Most of these faux leathers are made by layering a plastic on fabric; for most of the twentieth century, that plastic was PVC — the pipes in your plumbing — which created the tragedy known as Naugahyde. In the seventies, manufacturers started experimenting with polyurethane as opposed to PVC, and since then, advances in polymer chemistry have created new ways to apply the coating to the backing, resulting in textiles that feel and wear more like the real stuff, if not better, but won’t age, become discolored, or stretch out over time. All this, and the faux garments can be more affordable for consumers, too, if only relative to the rest of the luxury spectrum: Altuzarra’s fall 2013 “Prince” motorcycle jacket in lambskin will cost $4,065, while a similar poly “Spring” motorcycle style goes for $2,595; McCartney’s handbags average around $1,000 at Bergdorf Goodman.
The people who study and create these materials work for Dow- and Corning-like firms, mostly in Japan. “You see a few smaller houses playing with this, but most of the innovations I’ve seen have come out of larger companies,” Dent adds. By adding acrylic, PVC, and layers of different polyurethane in different thicknesses all together, “they’ll layer it up to really mimic leather as closely as possible.”
Bastian’s Italian manufacturer was the one who suggested he use faux suede in place of the natural option for his double-sided puffer vest. (“The factories are always the ones seeing the new stuff first,” he explains.) Unlike Altuzarra, animal suede had been the initial plan, but the imitation he used, named Alcantara, had the advantage of being waterproof, yes, and not rubbing off on clothing when the suede side was worn inward. “It looks exactly like suede, so we went with it.”
PETA celebrates these materials as “cruelty-free,” and indeed, their use has coincided with a growing interest in veganism in general. But calling them “vegan leather” seems like an oversimplification to many of these designers, most of whom seem to want to avoid the connotation that their clothing is just for animal-cruelty advocates. “The name ‘vegan leather’ is presented by some people like there’s this superiority now,” says Timo Rissonen, who teaches classes on sustainability at Parsons. “Why are we even calling it leather? Because it’s something that people can easily understand.”
And, obviously, there’s no connection with the tanning industry. In fact, Altuzarra says he gets his latest stuff from the same Italian firm that sells Prada their famous technical nylon.
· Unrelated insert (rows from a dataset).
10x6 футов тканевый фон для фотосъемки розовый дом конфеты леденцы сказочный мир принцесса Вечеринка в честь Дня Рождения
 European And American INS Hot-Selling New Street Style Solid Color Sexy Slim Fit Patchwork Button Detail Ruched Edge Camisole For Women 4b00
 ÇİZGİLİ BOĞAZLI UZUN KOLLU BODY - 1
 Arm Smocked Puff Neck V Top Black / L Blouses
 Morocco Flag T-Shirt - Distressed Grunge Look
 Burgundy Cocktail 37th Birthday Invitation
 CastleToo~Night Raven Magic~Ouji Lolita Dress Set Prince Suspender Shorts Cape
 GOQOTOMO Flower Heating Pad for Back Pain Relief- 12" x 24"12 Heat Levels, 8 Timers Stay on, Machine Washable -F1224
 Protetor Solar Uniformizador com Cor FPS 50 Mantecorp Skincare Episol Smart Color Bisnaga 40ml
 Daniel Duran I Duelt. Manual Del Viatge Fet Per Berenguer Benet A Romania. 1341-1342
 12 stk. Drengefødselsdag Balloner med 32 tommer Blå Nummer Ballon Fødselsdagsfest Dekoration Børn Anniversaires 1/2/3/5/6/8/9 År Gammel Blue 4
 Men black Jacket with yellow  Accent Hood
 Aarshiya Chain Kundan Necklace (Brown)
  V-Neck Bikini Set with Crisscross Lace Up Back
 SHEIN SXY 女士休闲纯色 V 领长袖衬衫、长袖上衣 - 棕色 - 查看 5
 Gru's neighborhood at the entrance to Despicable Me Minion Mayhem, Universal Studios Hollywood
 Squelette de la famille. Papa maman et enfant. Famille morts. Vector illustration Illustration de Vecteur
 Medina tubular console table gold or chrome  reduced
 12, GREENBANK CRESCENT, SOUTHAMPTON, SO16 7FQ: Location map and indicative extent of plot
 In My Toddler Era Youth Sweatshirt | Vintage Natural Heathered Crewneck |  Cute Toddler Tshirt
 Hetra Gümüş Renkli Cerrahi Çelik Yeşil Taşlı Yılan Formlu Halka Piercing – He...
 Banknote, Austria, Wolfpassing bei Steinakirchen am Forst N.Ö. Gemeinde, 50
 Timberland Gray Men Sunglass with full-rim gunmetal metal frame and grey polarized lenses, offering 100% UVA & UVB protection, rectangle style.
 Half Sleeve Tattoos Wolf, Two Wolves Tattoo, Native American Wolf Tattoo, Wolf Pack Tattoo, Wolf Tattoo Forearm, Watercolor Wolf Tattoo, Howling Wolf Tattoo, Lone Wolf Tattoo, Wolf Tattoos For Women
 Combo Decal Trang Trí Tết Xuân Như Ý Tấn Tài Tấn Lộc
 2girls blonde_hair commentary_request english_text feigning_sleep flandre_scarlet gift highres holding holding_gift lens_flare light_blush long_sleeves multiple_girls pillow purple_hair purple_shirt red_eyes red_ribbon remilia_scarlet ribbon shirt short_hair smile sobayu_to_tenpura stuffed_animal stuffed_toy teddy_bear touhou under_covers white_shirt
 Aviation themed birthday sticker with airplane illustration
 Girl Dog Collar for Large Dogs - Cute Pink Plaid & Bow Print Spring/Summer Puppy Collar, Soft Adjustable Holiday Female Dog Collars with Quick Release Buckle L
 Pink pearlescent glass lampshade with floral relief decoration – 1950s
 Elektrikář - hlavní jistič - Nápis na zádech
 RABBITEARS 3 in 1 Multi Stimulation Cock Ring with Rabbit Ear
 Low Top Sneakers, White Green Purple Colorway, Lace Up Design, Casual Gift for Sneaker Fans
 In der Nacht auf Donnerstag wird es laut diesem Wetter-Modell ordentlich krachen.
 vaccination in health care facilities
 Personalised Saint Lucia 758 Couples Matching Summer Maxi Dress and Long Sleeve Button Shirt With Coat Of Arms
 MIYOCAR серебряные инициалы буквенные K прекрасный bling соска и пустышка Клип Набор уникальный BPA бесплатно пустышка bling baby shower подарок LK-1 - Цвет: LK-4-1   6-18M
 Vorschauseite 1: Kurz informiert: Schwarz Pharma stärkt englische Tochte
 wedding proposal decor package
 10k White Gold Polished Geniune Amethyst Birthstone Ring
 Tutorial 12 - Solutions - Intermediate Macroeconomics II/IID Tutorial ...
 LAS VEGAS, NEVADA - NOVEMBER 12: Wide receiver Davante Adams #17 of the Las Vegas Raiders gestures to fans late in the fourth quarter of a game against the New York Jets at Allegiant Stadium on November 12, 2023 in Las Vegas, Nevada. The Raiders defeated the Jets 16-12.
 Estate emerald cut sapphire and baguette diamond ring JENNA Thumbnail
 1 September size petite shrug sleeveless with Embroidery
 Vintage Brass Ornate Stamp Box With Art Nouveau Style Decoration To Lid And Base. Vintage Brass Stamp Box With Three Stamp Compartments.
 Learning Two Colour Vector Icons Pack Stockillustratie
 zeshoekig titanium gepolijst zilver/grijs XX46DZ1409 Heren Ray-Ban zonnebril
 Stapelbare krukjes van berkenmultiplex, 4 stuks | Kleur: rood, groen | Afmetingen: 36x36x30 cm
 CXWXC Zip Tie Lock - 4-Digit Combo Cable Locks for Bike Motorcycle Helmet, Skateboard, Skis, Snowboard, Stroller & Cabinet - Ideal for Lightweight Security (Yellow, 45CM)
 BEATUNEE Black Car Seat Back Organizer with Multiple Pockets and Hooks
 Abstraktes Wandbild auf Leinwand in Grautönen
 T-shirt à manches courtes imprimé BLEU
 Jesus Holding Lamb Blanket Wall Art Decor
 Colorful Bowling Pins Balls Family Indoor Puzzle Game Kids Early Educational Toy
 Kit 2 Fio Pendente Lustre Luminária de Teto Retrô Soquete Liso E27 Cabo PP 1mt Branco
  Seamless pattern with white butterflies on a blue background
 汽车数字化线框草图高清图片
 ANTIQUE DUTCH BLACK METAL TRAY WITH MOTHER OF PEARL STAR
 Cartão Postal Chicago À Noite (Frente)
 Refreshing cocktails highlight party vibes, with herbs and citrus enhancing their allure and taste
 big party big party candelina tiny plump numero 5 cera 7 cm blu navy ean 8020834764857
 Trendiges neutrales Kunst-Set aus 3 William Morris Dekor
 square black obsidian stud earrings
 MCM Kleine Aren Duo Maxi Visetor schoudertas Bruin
And he uses the same analogy as Rissonen, from Parsons, when discussing its obvious connection to carnivorism. “If you go to a vegetarian restaurant and you order a vegan burger,” he begins, “if you’re expecting it to taste like a meat burger, you’re going to be disappointed. But if you sell it as just its own thing, that it’s a patty made with vegetables — that it’s a fabric of its own, in this case — you have to embrace it for what it is.”
Before he released his pieces, he visited a Comme des Garçons store. There, the avant-garde designers have been selling the same motorcycle jacket for nearly 25 years, often — surprisingly — constructed from faux leather, rather than real. So he asked the shopgirl how the latter performed. It still sells out, she told him. “They like what it looks like, and they buy it,” the designer says now. “People just don’t care.”